Eventually, my mother named me Arthur, after a friend of her father's she greatly admired, the distinguished German actor Arthur Kronenberg.
Named for an actor. Maybe it was fate.
My mother was sixteen when she came to this country, arriving from Germany in 1927 with her parents and three siblings, aboard the United States Lines ship George Washington. Her father, John Gelien, known simply as Opa (the traditional German term of endearment for a grandfather), was a chef for the steamship company. Forever away at sea, Opa was like a phantom within his own family.
Gertrude, his eldest daughter, was an unconventional child.
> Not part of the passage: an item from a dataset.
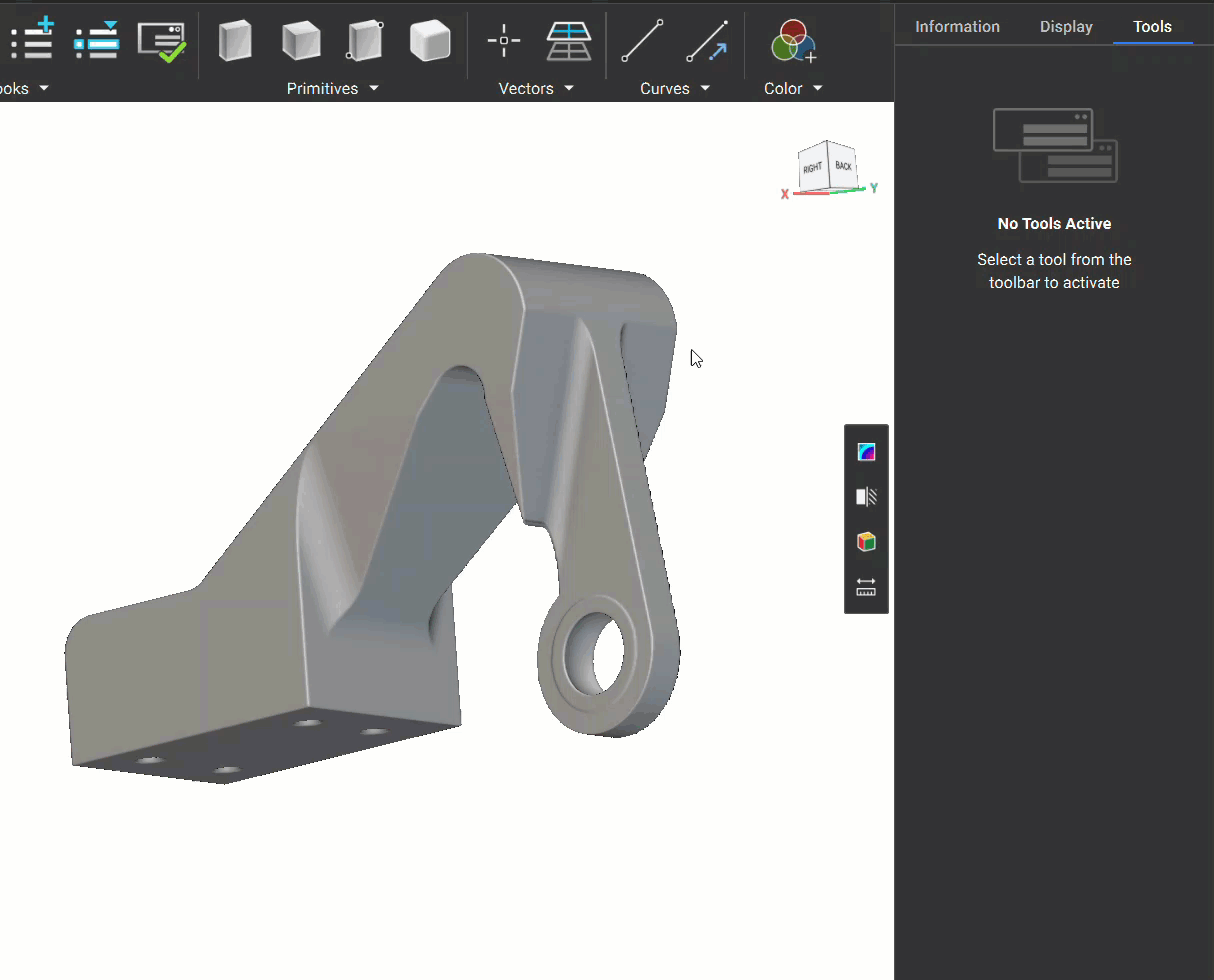 How to access the Surface Analysis tool and an example of changing the analysis sliders.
A tomboy, she never liked other girls and took no nonsense from anyone. She didn't get along with her siblings. Her brothers she branded the Spineless Wonder and Wishy-Washy. Sister Charlotte, nicknamed Lottie, was barely tolerated. Not that Gertrude was around any of them much. As soon as the Geliens arrived on these shores, she was put to work, doing housekeeping and odd jobs around Manhattan.
It was a lonely, loveless existence, made tougher by the botched tonsillectomy she'd suffered in Germany. The doctor damaged her vocal cords, leaving Gertrude with a horrible stutter. Ashamed, she communicated by means of a pad of paper she carried everywhere.
Although he was rarely around to offer any Liebe, Opa admired his daughter's fierce, independent spirit. Ida Gelien, however, displayed a different attitude toward the child. Gertrude's refusal to act in character -- more like a "girl"-- earned her mother's wrath. When Gertrude came home five minutes past curfew from her first date, her mother locked her outside overnight in the snow, to teach her a lesson.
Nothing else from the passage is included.